Let $G$ be the $n\times n$ grid and identify the sides to make it a torus. A simple random walk on $G$ is expected to take $O(n^4)$ time before it hits every vertex.

I've been googling for this all day with no luck. Does anyone know where I can find a statement of this result? I don't need the original reference...a textbook would be fine. Also, if you have a reference for $G$ being the $n\times n$ grid without sides identified I can make that work too. I just need this fact for the "previous work" section of the thesis...none of my results depend on it.
I read several things in [Lovasz's Survey][1] of Random Walks which gave upper bounds of $O(|V|^2)$ for various graphs, but none seem to apply to the grid case.
[1] http://www.cs.unibo.it/babaoglu/courses/cas/resources/tutorials/RandomWalks.pdf
 A: Markov Chains and Mixing Times by Levin, Peres and Wilmer. Section 11.3.2. 
http://research.microsoft.com/en-us/um/people/peres/markovmixing.pdf
The expected cover time is of order $n^2(\log n)^2$.
A: The asymptotic cover time result in [1]  (see comment 2 above)
works for the grid as well as the torus. See comment 2 on page 28 in https://arxiv.org/pdf/math/0107191.pdf . Further refinements are in  refs [2] and [3] below. In particular [2] considers the cover time of the 2d grid with a wired boundary. The boundary conditions do not affect the first order asymptotics.
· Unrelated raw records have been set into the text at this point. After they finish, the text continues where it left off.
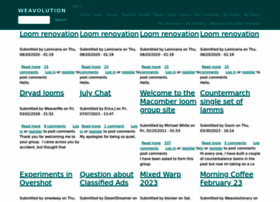 Weavolution.com thumbnail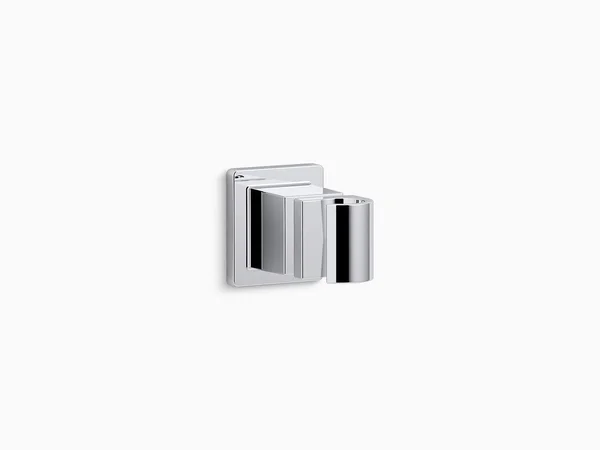 Kohler Vibrant Brushed Moderne Brass Adjustable Wall Holder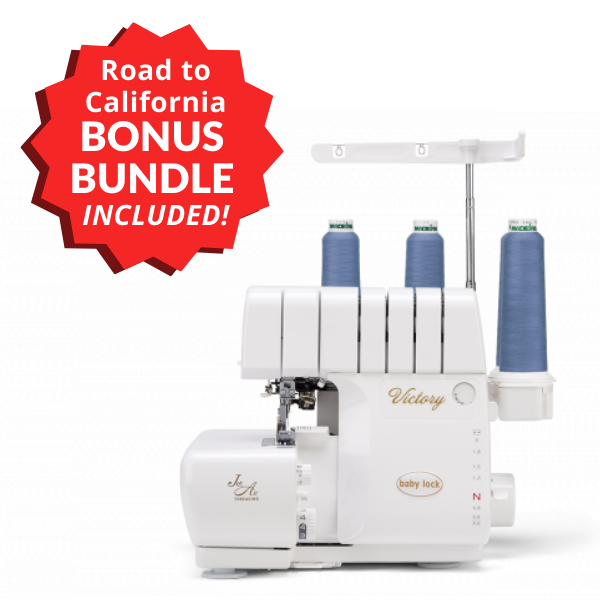 Baby Lock Victory is available at all Moore's Sewing locations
[1] Dembo, Amir, Yuval Peres, Jay Rosen, and Ofer Zeitouni. "Cover times for Brownian motion and random walks in two dimensions." Annals of mathematics (2004)Vol. 160, No. 2 pp. 433-464.    
[2]  Ding, Jian. "On cover times for 2D lattices." Electron. J. Probab 17, no. 45 (2012): 1-18.  
[3] Belius, David, and Nicola Kistler. "The subleading order of two dimensional cover times." Probability Theory and Related Fields (2014): 1-92.